- Records shown

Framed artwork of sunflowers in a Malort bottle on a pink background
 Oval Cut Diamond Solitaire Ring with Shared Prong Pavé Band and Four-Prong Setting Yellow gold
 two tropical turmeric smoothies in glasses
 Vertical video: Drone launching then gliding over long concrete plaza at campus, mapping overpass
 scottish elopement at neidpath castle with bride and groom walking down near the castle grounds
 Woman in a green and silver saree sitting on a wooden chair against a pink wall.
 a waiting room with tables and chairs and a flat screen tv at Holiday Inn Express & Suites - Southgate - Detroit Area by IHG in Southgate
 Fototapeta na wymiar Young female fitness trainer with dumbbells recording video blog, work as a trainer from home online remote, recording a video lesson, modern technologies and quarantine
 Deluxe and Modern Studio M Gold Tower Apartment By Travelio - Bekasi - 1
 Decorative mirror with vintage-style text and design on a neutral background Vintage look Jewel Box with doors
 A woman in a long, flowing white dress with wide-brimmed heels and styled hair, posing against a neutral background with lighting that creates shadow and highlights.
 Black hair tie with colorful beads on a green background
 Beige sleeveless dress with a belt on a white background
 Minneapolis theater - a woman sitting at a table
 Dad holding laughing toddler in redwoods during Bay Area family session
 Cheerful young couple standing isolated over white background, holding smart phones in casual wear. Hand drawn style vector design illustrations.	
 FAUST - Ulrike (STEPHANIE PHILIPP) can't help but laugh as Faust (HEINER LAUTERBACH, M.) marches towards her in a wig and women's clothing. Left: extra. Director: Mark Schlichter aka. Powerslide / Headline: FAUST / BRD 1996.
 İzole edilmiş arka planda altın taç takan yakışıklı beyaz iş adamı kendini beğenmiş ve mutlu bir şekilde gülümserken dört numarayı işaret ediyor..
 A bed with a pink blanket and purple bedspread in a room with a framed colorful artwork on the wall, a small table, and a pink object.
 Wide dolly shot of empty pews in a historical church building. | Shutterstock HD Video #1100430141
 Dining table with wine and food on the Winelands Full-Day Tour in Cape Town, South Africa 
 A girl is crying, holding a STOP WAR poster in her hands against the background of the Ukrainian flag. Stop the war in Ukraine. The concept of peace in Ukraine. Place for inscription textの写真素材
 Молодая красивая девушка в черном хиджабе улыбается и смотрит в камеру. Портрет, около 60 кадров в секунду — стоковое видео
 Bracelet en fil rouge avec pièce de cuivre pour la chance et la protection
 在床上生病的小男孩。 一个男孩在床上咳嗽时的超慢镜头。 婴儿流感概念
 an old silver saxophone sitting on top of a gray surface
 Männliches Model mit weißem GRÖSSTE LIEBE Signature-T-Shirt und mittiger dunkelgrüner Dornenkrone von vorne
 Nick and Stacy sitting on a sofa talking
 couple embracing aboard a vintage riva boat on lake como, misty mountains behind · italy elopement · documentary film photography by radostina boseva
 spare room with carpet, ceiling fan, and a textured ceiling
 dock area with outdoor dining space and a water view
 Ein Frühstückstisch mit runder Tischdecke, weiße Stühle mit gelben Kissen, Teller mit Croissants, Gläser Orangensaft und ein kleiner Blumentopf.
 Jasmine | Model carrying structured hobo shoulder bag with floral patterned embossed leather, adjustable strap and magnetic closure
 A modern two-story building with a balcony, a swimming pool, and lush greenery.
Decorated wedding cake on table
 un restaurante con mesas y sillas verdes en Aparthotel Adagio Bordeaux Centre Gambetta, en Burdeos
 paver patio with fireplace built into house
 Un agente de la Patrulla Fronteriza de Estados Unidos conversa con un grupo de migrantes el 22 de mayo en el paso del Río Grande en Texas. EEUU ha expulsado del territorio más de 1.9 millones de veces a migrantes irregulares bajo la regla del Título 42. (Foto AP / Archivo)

- Problem requirements
What you give back should be exactly the lines of the data above from the line with "Wide dolly shot" through the line with "Dining table with", both of those included, and nothing more.

- Response below
 Wide dolly shot of empty pews in a historical church building. | Shutterstock HD Video #1100430141
 Dining table with wine and food on the Winelands Full-Day Tour in Cape Town, South Africa 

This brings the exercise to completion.